2 Methods: normalise, identify DRBs and save as `SummarizedExperiment` objects

2.1 Reproducibility

I list below the R packages required to reproduce the analyses.

Code

## data wrangling
library(dplyr)
library(tidyr)
library(stringr)
library(readr)
library(readxl)
library(openxlsx)
library(purrr)

## reporting
library(flextable)

# automated package linting
library(xml2)
library(downlit)

## auxiliary functions
source("R/utils.R")
today_date <- "2025-04-28"
## today_date <- format(Sys.Date(), "%Y-%m-%d")

## set the seed, for fixing generation of ComplexHeatmaps (dendogram clustering)
set.seed(20)

2.2 Preprocessing barcode counts

Code colour: Luca’s protocol, and Bastien’s comments and perspectives

2.2.1 Background Noise Removal and `SummarizedExperiment` stantardised storage

Eliminate barcodes for which the combined counts of the 4 controls per barcode are below a given threshold, here 5.

Listing 2.1: Remove background noise.

Code

barcode_files <- list.files("./data/barcode-counts/",
                            pattern = "exp.*\\.csv",
                            full.names = TRUE)
thresh_background <- 4
## ./data/pheno_data_metadata_2025-04-18.csv
pheno_data <- readr::read_csv(paste0("./data/pheno_data_metadata_",
                                     today_date, ".csv"))

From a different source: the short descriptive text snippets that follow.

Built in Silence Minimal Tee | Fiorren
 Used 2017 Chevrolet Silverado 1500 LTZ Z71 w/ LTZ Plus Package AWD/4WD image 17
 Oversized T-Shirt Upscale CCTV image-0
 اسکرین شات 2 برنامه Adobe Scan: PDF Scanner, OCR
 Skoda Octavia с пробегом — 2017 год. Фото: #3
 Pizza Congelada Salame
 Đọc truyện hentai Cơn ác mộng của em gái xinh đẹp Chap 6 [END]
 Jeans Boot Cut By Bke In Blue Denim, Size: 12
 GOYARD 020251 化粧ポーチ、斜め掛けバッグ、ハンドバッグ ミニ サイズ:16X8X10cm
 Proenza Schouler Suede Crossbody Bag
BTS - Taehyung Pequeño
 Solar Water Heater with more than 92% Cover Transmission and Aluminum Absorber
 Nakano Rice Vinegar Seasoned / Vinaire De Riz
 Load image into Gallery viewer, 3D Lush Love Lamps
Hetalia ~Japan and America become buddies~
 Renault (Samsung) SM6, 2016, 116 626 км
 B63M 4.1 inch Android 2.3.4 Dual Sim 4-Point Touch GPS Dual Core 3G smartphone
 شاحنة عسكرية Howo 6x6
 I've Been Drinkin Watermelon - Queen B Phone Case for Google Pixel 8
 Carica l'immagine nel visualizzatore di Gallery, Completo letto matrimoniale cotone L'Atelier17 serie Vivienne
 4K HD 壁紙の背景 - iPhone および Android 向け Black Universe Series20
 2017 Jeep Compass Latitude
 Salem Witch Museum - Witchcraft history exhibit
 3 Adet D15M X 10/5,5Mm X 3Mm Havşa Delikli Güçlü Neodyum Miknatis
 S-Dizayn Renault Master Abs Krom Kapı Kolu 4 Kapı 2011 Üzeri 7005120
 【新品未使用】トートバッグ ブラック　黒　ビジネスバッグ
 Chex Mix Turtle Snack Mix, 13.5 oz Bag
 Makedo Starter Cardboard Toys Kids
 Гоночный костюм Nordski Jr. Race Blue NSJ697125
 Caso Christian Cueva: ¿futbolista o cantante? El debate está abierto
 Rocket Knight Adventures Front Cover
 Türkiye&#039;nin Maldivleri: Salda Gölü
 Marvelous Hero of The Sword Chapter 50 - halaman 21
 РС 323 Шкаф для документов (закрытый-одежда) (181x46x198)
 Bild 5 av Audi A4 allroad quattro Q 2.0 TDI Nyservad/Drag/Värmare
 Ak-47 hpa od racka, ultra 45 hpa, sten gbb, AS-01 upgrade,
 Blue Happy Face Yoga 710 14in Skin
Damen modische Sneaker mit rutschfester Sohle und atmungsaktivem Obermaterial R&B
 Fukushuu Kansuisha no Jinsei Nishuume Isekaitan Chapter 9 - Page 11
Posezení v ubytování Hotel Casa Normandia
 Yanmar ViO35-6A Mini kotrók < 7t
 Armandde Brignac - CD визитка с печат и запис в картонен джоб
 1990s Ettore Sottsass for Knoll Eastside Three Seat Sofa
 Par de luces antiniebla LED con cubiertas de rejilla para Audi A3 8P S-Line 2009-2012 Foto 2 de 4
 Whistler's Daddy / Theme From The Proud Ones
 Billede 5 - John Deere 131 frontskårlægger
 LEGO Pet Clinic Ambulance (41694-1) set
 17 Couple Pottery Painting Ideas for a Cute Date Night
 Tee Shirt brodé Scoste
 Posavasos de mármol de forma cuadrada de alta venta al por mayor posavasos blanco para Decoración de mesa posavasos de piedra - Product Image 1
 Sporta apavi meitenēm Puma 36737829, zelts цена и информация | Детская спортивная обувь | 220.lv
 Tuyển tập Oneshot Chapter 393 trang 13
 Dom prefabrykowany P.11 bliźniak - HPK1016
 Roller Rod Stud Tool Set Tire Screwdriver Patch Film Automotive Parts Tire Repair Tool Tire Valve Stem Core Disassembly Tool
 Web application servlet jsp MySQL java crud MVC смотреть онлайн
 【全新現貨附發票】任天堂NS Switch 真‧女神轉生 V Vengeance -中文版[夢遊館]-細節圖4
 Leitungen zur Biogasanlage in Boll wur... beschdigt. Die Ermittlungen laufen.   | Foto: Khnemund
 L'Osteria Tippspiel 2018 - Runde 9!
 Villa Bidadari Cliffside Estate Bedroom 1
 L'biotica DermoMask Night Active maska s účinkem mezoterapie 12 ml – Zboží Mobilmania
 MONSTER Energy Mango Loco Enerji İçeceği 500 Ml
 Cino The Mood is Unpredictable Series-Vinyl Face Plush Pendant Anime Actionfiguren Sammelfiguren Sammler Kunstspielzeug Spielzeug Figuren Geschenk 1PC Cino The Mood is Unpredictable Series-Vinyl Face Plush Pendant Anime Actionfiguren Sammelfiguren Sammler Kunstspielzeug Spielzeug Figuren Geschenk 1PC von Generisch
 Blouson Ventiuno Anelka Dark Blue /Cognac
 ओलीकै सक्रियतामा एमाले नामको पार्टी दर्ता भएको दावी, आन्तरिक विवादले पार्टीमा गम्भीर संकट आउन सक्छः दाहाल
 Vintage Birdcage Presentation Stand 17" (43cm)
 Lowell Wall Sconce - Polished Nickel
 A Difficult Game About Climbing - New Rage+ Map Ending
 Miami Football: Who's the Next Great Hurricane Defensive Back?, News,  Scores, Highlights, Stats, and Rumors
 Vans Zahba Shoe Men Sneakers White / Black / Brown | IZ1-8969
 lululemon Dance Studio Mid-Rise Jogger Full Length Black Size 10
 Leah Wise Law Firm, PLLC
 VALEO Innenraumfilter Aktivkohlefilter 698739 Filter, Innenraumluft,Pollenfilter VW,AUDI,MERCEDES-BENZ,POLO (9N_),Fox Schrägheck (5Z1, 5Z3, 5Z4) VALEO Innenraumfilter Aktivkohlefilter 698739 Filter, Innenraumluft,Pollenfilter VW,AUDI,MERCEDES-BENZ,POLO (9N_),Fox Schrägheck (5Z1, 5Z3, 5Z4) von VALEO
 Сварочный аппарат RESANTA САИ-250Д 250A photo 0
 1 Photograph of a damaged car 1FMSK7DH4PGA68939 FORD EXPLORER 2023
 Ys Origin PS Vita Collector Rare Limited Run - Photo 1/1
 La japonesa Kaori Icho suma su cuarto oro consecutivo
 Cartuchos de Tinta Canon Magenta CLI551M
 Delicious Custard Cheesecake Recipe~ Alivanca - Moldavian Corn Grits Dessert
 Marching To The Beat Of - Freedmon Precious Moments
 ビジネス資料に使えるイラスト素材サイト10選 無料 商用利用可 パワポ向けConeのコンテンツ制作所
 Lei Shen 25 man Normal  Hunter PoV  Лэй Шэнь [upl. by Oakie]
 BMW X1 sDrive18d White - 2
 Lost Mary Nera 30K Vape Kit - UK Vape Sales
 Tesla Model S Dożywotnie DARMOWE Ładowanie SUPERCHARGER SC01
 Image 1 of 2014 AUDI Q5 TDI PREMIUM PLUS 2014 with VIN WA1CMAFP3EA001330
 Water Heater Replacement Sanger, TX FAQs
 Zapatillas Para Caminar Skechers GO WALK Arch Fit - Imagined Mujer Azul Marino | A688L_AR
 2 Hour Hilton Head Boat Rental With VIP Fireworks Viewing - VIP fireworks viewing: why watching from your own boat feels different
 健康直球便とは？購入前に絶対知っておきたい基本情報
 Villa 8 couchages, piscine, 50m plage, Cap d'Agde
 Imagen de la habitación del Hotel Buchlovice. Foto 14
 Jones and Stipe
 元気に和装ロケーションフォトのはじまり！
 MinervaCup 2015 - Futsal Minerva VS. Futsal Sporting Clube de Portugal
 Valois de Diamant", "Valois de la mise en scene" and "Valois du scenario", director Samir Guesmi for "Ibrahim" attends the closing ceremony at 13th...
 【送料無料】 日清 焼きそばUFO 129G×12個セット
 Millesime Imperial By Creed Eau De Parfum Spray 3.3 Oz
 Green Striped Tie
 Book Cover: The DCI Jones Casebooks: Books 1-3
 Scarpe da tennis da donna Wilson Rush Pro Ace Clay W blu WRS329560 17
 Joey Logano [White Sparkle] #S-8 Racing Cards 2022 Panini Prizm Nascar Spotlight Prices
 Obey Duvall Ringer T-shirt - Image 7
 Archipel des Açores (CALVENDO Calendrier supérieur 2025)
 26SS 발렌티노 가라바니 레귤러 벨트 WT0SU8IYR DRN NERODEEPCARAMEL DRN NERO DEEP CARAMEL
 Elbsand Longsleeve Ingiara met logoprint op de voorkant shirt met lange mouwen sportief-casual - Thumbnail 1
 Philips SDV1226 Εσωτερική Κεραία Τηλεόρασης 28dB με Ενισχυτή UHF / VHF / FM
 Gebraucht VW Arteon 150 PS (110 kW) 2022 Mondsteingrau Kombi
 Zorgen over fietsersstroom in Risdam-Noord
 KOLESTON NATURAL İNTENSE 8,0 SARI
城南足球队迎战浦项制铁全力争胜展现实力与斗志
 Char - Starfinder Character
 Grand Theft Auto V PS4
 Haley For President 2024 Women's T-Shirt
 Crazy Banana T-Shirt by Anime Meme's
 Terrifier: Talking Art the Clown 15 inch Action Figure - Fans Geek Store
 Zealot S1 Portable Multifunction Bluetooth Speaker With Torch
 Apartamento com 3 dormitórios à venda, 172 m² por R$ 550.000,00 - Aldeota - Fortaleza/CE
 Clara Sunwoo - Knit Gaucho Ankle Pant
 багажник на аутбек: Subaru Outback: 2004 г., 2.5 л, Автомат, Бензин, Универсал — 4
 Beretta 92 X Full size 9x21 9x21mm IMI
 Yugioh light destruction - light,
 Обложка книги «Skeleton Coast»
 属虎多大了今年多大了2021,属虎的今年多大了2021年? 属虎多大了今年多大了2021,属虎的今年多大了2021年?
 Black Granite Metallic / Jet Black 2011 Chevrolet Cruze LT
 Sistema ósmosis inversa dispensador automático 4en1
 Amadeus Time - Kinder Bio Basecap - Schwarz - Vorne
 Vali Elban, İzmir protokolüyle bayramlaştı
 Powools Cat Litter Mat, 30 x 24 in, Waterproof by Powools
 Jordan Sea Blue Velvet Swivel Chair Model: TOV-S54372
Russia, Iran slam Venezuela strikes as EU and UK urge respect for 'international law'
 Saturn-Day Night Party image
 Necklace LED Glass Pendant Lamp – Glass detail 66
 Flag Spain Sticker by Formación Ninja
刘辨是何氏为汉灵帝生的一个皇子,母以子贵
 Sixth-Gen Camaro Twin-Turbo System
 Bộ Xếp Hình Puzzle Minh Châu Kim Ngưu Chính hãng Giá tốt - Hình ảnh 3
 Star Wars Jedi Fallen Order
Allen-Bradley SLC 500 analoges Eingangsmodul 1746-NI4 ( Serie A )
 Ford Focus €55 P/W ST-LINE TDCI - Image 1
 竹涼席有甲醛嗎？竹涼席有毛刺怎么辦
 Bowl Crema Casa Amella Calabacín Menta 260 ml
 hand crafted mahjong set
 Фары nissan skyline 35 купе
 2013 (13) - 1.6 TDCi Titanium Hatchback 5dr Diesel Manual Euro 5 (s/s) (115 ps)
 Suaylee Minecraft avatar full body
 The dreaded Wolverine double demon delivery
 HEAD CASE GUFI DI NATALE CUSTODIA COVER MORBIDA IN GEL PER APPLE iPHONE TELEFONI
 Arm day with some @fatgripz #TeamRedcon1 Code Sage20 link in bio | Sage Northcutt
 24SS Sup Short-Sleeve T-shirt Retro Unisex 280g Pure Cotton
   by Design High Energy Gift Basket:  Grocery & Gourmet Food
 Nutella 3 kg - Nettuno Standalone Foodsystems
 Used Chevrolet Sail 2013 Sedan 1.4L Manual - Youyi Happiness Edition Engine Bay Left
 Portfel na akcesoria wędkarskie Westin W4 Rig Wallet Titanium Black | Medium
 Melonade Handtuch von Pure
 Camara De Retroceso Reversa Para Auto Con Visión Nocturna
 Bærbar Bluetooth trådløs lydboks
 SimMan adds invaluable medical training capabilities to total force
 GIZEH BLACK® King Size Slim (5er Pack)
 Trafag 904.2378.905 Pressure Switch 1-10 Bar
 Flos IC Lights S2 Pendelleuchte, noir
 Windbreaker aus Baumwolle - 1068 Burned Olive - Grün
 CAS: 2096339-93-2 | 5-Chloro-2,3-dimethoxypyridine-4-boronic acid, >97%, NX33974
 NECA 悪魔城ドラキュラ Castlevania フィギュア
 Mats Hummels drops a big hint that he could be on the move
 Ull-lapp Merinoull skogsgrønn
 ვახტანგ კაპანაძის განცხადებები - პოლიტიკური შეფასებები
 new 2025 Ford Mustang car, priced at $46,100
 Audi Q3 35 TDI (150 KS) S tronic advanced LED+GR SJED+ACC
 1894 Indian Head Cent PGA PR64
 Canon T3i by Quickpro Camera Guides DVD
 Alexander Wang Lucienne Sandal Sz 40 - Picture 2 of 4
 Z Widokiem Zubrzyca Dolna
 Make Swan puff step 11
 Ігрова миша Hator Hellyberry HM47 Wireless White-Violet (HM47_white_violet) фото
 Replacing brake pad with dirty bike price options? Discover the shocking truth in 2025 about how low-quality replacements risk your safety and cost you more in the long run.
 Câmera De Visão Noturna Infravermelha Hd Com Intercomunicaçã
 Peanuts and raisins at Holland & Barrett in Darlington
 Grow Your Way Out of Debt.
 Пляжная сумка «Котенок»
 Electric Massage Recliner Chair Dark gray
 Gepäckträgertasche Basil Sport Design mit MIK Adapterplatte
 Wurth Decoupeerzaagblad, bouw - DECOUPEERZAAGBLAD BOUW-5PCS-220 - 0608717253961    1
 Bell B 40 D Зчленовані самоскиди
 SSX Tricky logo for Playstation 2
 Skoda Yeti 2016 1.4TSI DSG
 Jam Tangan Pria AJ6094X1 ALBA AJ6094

## filename <- grep( "exp200921", barcode_files, value = TRUE)[2]
barcode_counts_aggregated <- purrr::map(barcode_files, function(filename) {
  barcode_counts <- readr::read_csv(filename)
  experience_name <- filename |> basename() |> tools::file_path_sans_ext()
  
  ## 1) explicitly change replicates name to enable 1-1 mapping ----
  if (experience_name=="exp200921_dose response osim") {
    barcode_counts <- barcode_counts |> 
      dplyr::rename_with(
        .fn = ~ gsub("exp200921_", "exp200921_dose_response_", .x),
        .cols = starts_with("Contro"))
  }
  replicates_names <- setdiff(colnames(barcode_counts), "barcode_id")
  
  ## 2) Remove lowly expressed barcodes ----
  control_index <- pheno_data |> 
    dplyr::filter(Batch_ID==experience_name & 
                    Compound=="Control" &
                    Replicates_ID %in% replicates_names) |> 
    dplyr::pull(Replicates_ID)
  signicant_barcodes_index <- which(rowSums(barcode_counts[, control_index]) > thresh_background)
  filtered_barcode_counts <- barcode_counts[signicant_barcodes_index,]
  
  message(paste("\n\nWe are considering experiment:", experience_name, "with", nrow(filtered_barcode_counts), "barcode IDs kept.\n\n"))
  
  return(filtered_barcode_counts)
}) |> 
  purrr::reduce(~ inner_join(.x, .y, by = "barcode_id"))

## Deal with specific duplicated colnames, resulting from control duplicates
## barcode_counts_aggregated <- barcode_counts_aggregated |>
##   dplyr::select(!ends_with(".y")) |> 
##   dplyr::rename_with(.fn = ~ gsub("\\.x$", "", .x),
##                      .cols = dplyr::ends_with(".x"))

## 3) keep only replicates present in pheno_data
barcode_counts_aggregated <- barcode_counts_aggregated |> 
  select(all_of(c("barcode_id", pheno_data$Replicates_ID)))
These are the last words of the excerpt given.